**Work request:** With the pictures set aside, write out all of the data exactly as it stands.

**Short descriptive text snippets:**

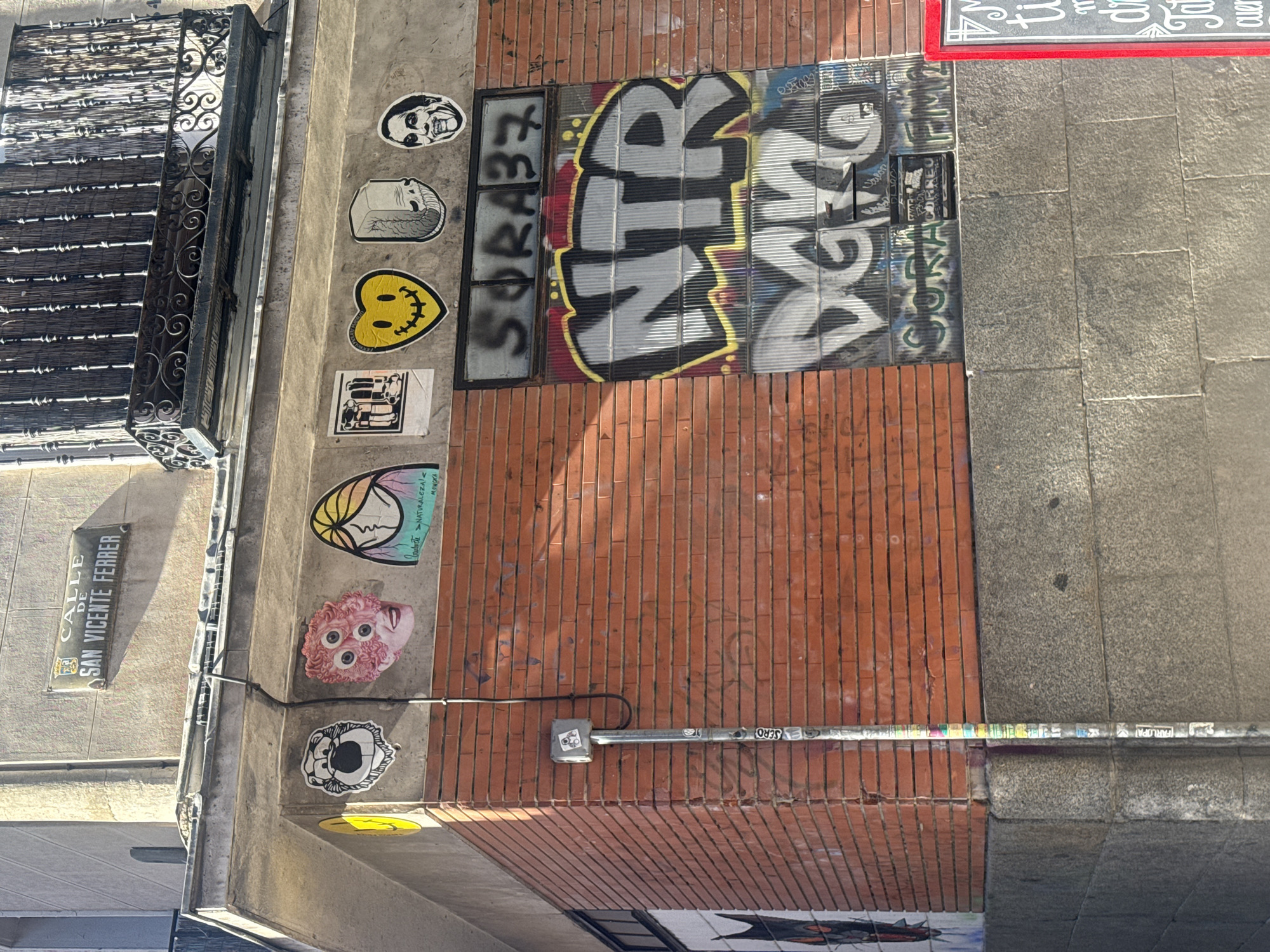 This image, captured under bright daylight, depicts an urban building facade rich with street art and architectural details, rotated 90 degrees clockwise. The scene features a multi-textured wall with sections of red brickwork, grey concrete, and glass block windows.
On the upper left, a black metal balcony with intricate, ornate railings is visible, partially obscured by a dark, textured shade. Below the balcony, a rectangular street sign reads "CALLE DE SAN VICENTE FERRER," indicating a location in a Spanish-speaking country.
The concrete sections of the wall are covered in a variety of stickers. Visible designs include a white sticker with a skull-like face, a grey sticker resembling a classical bust, and a bright yellow heart-shaped smiley face. Further down, there's a distinct pink head with multiple eyes and a colorful sticker bearing the words "NATURALEZA" and "MONOKA."
A prominent area of the wall features glass block windows, heavily covered in graffiti. Large, bold letters spell "NTR" across the center, with "SORAB7" visible to the left and "SORA FM2" partially seen elsewhere on the glass. Faint, older graffiti is also visible on the brick sections.
A metal conduit or pipe extends horizontally across the brick wall, adorned with numerous small stickers, some of which display text like "FARLOPA" and "SERO." The right side of the image shows a grey, tiled sidewalk or pavement. The clear sunlight casts distinct shadows, suggesting a sunny day in an active urban environment.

**Exercise solution:**
 This image, captured under bright daylight, depicts an urban building facade rich with street art and architectural details, rotated 90 degrees clockwise. The scene features a multi-textured wall with sections of red brickwork, grey concrete, and glass block windows.
On the upper left, a black metal balcony with intricate, ornate railings is visible, partially obscured by a dark, textured shade. Below the balcony, a rectangular street sign reads "CALLE DE SAN VICENTE FERRER," indicating a location in a Spanish-speaking country.
The concrete sections of the wall are covered in a variety of stickers. Visible designs include a white sticker with a skull-like face, a grey sticker resembling a classical bust, and a bright yellow heart-shaped smiley face. Further down, there's a distinct pink head with multiple eyes and a colorful sticker bearing the words "NATURALEZA" and "MONOKA."
A prominent area of the wall features glass block windows, heavily covered in graffiti. Large, bold letters spell "NTR" across the center, with "SORAB7" visible to the left and "SORA FM2" partially seen elsewhere on the glass. Faint, older graffiti is also visible on the brick sections.
A metal conduit or pipe extends horizontally across the brick wall, adorned with numerous small stickers, some of which display text like "FARLOPA" and "SERO." The right side of the image shows a grey, tiled sidewalk or pavement. The clear sunlight casts distinct shadows, suggesting a sunny day in an active urban environment.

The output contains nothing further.